Project Euler

Average Least Common Multiple

Define the average LCM function: f(n) = (1)/(n) sum_(k=1)^n lcm(k, n). Compute S(N) = sum_(n=1)^N f(n) (mod 10^9 + 7) for N = 10^8.

Source sync Apr 19, 2026

Problem #0448

Level Level 25

Solved By 422

Languages C++, Python

Answer 106467648

Length 214 words

modular_arithmeticnumber_theorybrute_force

The function $\operatorname {\mathbf {lcm}}(a,b)$ denotes the least common multiple of $a$ and $b$.

Let $A(n)$ be the average of the values of $\operatorname {lcm}(n,i)$ for $1 \le i \le n$.

E.g: $A(2)=(2+2)/2=2$ and $A(10)=(10+10+30+20+10+30+70+40+90+10)/10=32$.

Let $S(n)=\displaystyle \sum A(k)$ for $1 \le k \le n$. You are given that $S(100)=122726$.

Find $S(99999999019) \bmod 999999017$.

Problem 448: Average Least Common Multiple

Mathematical Foundation

Theorem 1 (Closed Form for $f(n)$ ). For all $n \geq 1$ ,

f(n) = \frac{1 + \displaystyle\sum_{d \mid n} d\,\varphi(d)}{2}.

Proof. Using $\operatorname{lcm}(k,n) = kn/\gcd(k,n)$ :

f(n) = \frac{1}{n}\sum_{k=1}^{n} \frac{kn}{\gcd(k,n)} = \sum_{k=1}^{n} \frac{k}{\gcd(k,n)}.

Group by $g = \gcd(k,n)$ : write $k = gj$ where $1 \leq j \leq n/g$ and $\gcd(j, n/g) = 1$ . Setting $d = n/g$ :

f(n) = \sum_{d \mid n} \sum_{\substack{j=1 \\ \gcd(j,d)=1}}^{d} j =: \sum_{d \mid n} \Phi(d).

For $d \geq 2$ , the coprime residues $\{j : 1 \leq j \leq d,\, \gcd(j,d) = 1\}$ pair as $j \leftrightarrow d - j$ (both coprime to $d$ , and $j \neq d - j$ since $d \geq 2$ forces $j \neq d/2$ when $\gcd(d/2, d) \neq 1$ for even $d$ , or $d$ is odd). Each pair sums to $d$ , and there are $\varphi(d)/2$ pairs, so $\Phi(d) = d\,\varphi(d)/2$ .

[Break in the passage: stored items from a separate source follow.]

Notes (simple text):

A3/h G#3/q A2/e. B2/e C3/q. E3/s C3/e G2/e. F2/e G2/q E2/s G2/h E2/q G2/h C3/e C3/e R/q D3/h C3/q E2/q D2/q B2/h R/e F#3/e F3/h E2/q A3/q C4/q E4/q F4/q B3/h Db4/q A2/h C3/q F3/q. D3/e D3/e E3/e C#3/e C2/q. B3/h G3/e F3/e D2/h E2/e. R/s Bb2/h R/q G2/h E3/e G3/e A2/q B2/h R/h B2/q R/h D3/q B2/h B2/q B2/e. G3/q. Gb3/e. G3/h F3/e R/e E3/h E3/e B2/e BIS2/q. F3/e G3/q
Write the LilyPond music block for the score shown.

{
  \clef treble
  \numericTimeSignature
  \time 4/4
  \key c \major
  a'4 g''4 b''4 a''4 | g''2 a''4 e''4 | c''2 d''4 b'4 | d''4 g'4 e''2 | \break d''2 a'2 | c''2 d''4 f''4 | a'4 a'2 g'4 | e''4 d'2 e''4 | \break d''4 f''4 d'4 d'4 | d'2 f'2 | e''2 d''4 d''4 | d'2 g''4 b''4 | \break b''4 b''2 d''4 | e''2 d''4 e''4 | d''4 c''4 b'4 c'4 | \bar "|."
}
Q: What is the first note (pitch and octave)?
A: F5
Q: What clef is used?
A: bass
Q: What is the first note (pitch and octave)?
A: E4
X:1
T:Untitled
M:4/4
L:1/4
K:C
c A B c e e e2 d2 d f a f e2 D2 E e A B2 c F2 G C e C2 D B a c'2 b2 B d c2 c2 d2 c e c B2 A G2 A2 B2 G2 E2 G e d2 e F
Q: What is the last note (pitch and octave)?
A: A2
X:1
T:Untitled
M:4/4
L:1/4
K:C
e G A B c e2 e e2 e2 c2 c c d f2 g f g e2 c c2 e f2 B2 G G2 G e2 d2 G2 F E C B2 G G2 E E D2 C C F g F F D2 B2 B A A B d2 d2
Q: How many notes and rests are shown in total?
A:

For $d = 1$ : $\Phi(1) = 1$ .

Therefore:

f(n) = 1 + \sum_{\substack{d \mid n \\ d \geq 2}} \frac{d\,\varphi(d)}{2} = \frac{1 + \sum_{d \mid n} d\,\varphi(d)}{2}

where the last equality uses $1 \cdot \varphi(1) = 1$ , so $1 + \sum_{d \geq 2} d\varphi(d)/2 = \frac{1}{2} + \frac{1}{2} + \sum_{d \geq 2} d\varphi(d)/2 = \frac{1 + \sum_{d \mid n} d\varphi(d)}{2}$ . $\square$

Theorem 2 (Summation Formula). Define $h(d) = d\,\varphi(d)$ . Then

S(N) = \frac{N + \displaystyle\sum_{d=1}^{N} h(d)\,\lfloor N/d \rfloor}{2}.

Proof. Summing $f(n)$ over $n = 1, \ldots, N$ :

S(N) = \sum_{n=1}^{N} \frac{1 + \sum_{d \mid n} h(d)}{2} = \frac{N + \sum_{n=1}^{N} \sum_{d \mid n} h(d)}{2}.

Swapping the order of summation: $\sum_{n=1}^{N} \sum_{d \mid n} h(d) = \sum_{d=1}^{N} h(d) \cdot \lfloor N/d \rfloor$ , since $h(d)$ contributes to each multiple of $d$ up to $N$ . $\square$

Lemma 1 (Multiplicativity of $h$ ). The function $h(n) = n\,\varphi(n)$ is multiplicative, with $h(p^a) = p^{2a} - p^{2a-1}$ for primes $p$ and $a \geq 1$ .

Proof. Both $\operatorname{Id}(n) = n$ and $\varphi(n)$ are multiplicative, so their product $h = \operatorname{Id} \cdot \varphi$ is multiplicative. For $p^a$ : $h(p^a) = p^a \cdot p^{a-1}(p-1) = p^{2a-1}(p-1) = p^{2a} - p^{2a-1}$ . $\square$

Lemma 2 (Coprime Residue Pairing). For $d \geq 2$ , if $\gcd(j, d) = 1$ and $1 \leq j \leq d$ , then $\gcd(d-j, d) = 1$ and $j + (d-j) = d$ . Furthermore, $j \neq d - j$ (i.e., $j \neq d/2$ ) whenever $d \geq 3$ , or $d = 2$ with $j = 1$ .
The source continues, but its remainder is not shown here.